Activity ->
All lines from the one with "GENERICO - X12" onward, through the last line of the records below, are to be retyped word for word.

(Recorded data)
#####

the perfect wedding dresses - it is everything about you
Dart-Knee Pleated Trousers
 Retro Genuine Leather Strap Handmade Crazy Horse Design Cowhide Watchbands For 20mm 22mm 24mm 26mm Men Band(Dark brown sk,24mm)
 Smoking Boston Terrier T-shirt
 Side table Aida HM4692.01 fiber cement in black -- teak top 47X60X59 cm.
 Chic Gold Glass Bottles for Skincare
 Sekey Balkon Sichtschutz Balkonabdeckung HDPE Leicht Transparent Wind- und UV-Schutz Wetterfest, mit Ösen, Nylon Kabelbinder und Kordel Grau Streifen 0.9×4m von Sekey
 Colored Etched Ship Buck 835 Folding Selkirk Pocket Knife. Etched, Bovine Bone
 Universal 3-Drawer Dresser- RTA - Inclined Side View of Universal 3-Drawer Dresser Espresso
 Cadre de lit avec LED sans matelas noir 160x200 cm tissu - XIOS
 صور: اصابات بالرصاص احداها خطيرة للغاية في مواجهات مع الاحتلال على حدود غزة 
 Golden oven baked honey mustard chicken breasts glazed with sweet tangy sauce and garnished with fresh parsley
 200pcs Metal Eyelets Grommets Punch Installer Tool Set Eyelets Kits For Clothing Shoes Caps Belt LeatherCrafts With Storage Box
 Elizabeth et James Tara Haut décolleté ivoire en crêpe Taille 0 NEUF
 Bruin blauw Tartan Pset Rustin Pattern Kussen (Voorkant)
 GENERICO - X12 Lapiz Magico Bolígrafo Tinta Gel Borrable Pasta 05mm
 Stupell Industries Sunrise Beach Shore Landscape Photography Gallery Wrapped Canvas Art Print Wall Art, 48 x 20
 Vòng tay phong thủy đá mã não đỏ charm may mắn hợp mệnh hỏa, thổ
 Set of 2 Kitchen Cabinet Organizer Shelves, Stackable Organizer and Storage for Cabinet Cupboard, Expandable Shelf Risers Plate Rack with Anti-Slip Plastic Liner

#####

Result of the task ->
 GENERICO - X12 Lapiz Magico Bolígrafo Tinta Gel Borrable Pasta 05mm
 Stupell Industries Sunrise Beach Shore Landscape Photography Gallery Wrapped Canvas Art Print Wall Art, 48 x 20
 Vòng tay phong thủy đá mã não đỏ charm may mắn hợp mệnh hỏa, thổ
 Set of 2 Kitchen Cabinet Organizer Shelves, Stackable Organizer and Storage for Cabinet Cupboard, Expandable Shelf Risers Plate Rack with Anti-Slip Plastic Liner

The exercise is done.